War was looming on the horizon, armies the world over were beginning to step up training young men to send to the front lines. One young Spanish airman was quite nervous about his first jump. When it came time to actually jump, he balked. When his trainer asked if he was too afraid to jump, the young man found the courage and jumped out of the plane. His parachute, on the other hand, was left behind on the plane. The young man lost his life, but his honor remained intact.

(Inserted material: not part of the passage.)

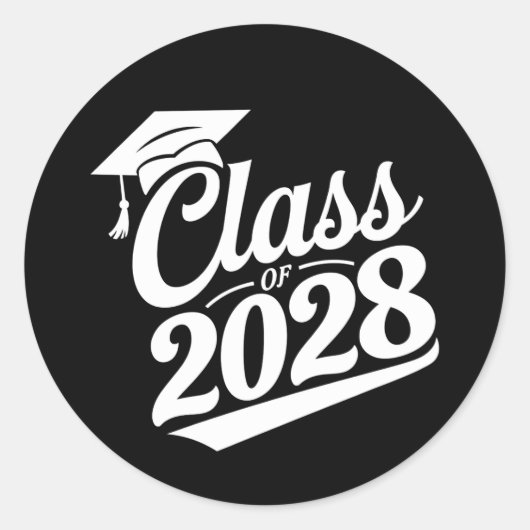 2028年卒業生 卒業おめでとう ラウンドシール (正面)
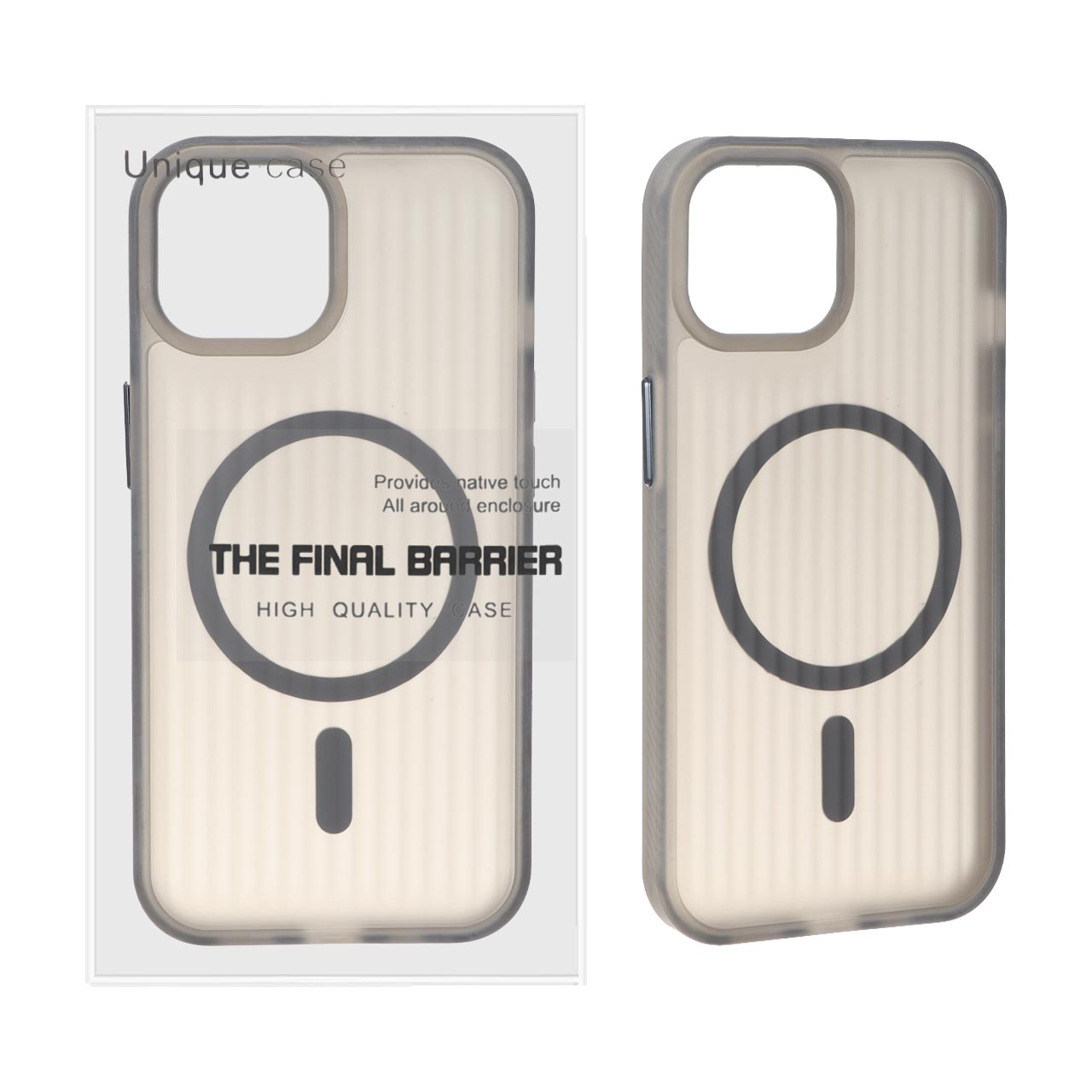 قاب اورجینال Unique Case کرکره ای مات MagSafe مدل Apple iPhone 15 / iPhone 14 / iPhone 13 - دودی (پک دار)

Honor is weird. It’s like good peer pressure. In which case, shame would be like bad peer pressure. Think about it – say a person saved several hundred people from being murdered by a political power but never ever told anybody. Or say a person was a thief who stole from a several hundred people and was never caught. The first would be an honorable individual, but he would never be honored for his actions because nobody knew about them. The second person would likewise be shamed if it were to be discovered, but if not, then there’s no reason to treat him shamefully. Honor and shame, then, are collective in nature to have their full effect. Honor is desirable because it’s the approval of one’s group, one’s family, and one’s community. Shame is unwanted because it’s disapproval of one’s group, one’s family, and one’s community. Therefore the logic is this: anything honorable is right, anything shameful is wrong. Any action that restores honor is right, any action that destroys honor is wrong.
In the Bible, we see a picture of an ancient honor / shame society. One of it’s commandments was to “honor your father and mother” which meant not only to treat them well and with respect, but see to it that your action reflect honorably upon them. (Somewhat unrelated though interesting is the Klingon beliefs regarding honor. In one of their scrolls, the sins of the children can condemn their parent’s souls to Gre’thor / Hell if the children are without honor even if their parents were honorable. Only honorable Klingons go to Sto-vo-kor / Heaven.) We also see that at banquets there are places of honor – nearest the host at the head of the table. There are also places of less honor – furthest from the host at the foot of the table. But ultimately, we don’t always get the depth of meaning when they’re talking about honor and shame. We’re a very individualistic society and we define right and wrong differently, based on guilt and innocence. Guilt is shameful, it’s honorable to be innocent.
Perhaps we somehow evolved into a society that Paul could only dream of, one where the rules of honor and shame were not written by the Roman Empire; but a society that moved into a more natural Christianity as it would have and should have been were it completely free to say what needed to be said without cloaking important information in metaphor so that his jailers would not impede the message.
So next time you come across a passage talking about honor, put yourselves in the shoes of a first century believer who seeks honor like a boy scout collecting badges to increase his status. Next time you come across a passage talking about shame, put yourselves in the shoes of a first century believer who is fearfully and desperately trying to keep the secret that would cast them out of their very homes to get an idea of what that sort of meant to them. Then ask, what does it mean to me now? Since what is shameful in the Bible is not necessarily shameful here and now, should we uphold the Bible’s standards of shame and honor? Or should we continue to write or own story without shame and honor being the driving force behind what’s acceptable?